Sulawesi Utara sudah dianggapnya suatu negara merdeka yang memiliki wilayah, pemerintah, tentara dan rakyatnya sendiri secara utuh dari 14 Februari tetapi akhirnya menyerah kalah pada 11 Maret 1946.
Selama perang kemerdekaan RI dari 1945-1949, hanya kudeta 14 Februari 1946 yang berhasil merebut kekuasaan Belanda dan menggantikannya dengan suatu pemerintahan nasional yang merdeka di bawah pimpinan Lapian-Taulu. Semua pejabat Belanda NICA-KNIL ditangkap, ditawan dan dideportasi ke Morotai.
"Di tahun 1946-1948 sesuai perjanjian Linggarjati dan Renville oleh kedua pihak RI dan Belanda, wilayah nusantara yang di luar Jawa-Sumatera tidak termasuk dalam kekuasaan RI yang berpusat di Yogya, namun pemerintah Merah-Putih Lapian-Taulu pada 22 Februari 1946 menyatakan dalam rapat umum di Lapangan Tikala Manado, bahwa Sulawesi Utara adalah bagian dari NKRI yang berpusat di Yogya," tulis Ben Wowor.
Peristiwa Merah-Putih di Sulawesi Utara meliputi seluruh perjuangan kemerdekaan di daerah Gorontalo, Bolaang Mongondow, Manado, Minahasa dan Sangir-Talaud yang dinyatakan oleh Bung Karno dipusatkan pada 14 Februari sebagai Hari Sulawesi Utara.

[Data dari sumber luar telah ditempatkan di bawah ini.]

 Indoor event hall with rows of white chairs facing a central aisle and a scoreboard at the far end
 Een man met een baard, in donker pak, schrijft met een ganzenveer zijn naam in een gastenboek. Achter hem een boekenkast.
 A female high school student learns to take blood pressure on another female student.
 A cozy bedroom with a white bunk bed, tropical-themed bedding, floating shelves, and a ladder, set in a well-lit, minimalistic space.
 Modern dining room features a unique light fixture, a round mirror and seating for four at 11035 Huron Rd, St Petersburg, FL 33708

Hal ini dilandasi pada fakta di Sulawesi Utara sendiri, karena pada saat itu tokoh-tokoh perintis kemerdekaan di daerah, Nani Wartabone, Raja Manoppo, OH Pantouw, GEDA Dauhan berada dan turut serta dalam menegakkan kemerdekaan Merah Putih di Manado.

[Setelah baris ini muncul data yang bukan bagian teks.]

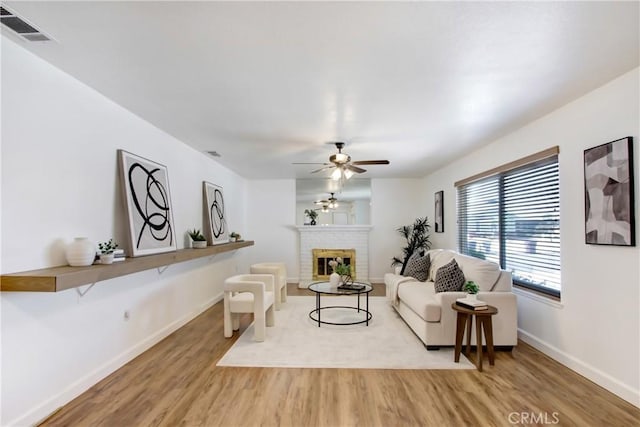 27218 Monk St, Menifee, CA 92586 - living area with wood finished floors, ceiling fan, and a brick fireplace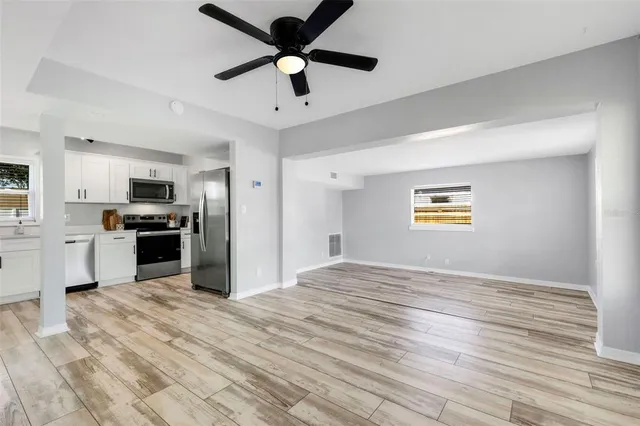 a view of kitchen with sink microwave and refrigerator
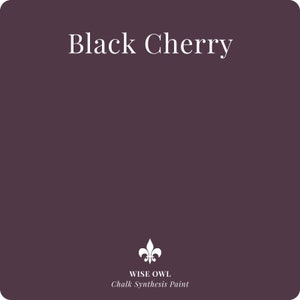 May include: A paint can label with the text "Black Cherry" and the Wise Owl Chalk Synthesis Paint logo. The background is a dark purple color.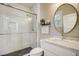 Elegant bathroom with white subway tiles, an oval mirror, and modern fixtures at 5341 Hill Nw Rd, Acworth, GA 30101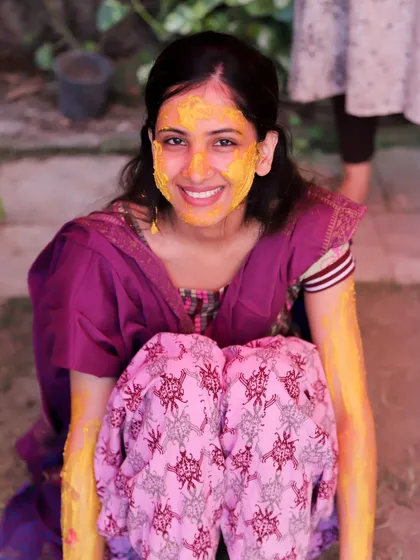 A bright and happy portrait of the bride during her Haldi. Her face is covered in turmeric, and her smile is infectious, showing the pure joy of the moment.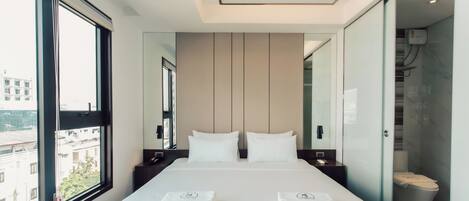 A modern hotel room with a large bed, two bedside tables, a mirror, and a view of the city through a large window.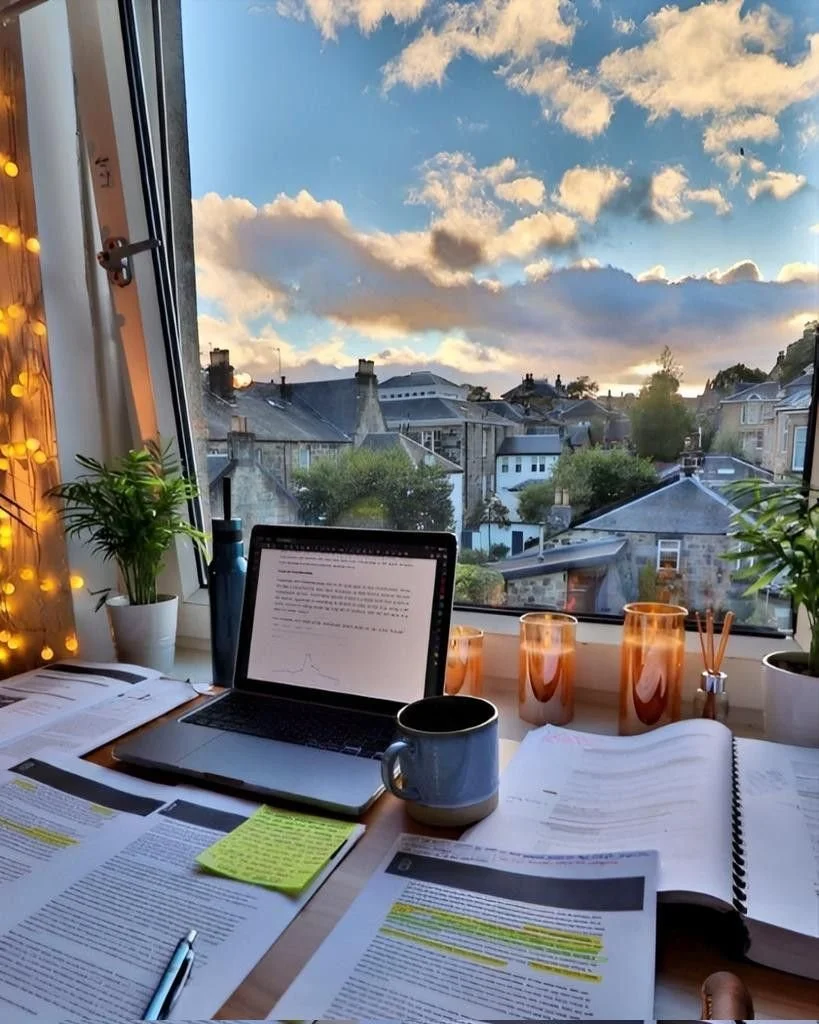 Estudio con vista a casas y cielo nublado, escritorio con computadora portátil, libros y documentos, tazas, plantas y luces decorativas.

LN Palar wakil Indonesia di PBB menyatakan sendiri bahwa RI diperjuangkan oleh seluruh bangsa Indonesia, termasuk rakyat Sulawesi Utara, buktinya dengan peristiwa Merah-Putih di Manado, seraya membantah Wakil Belanda Kleffen yang berargumentasi bahwa perjuangan kemerdekaan RI hanya untuk Jawa dan Sumatera.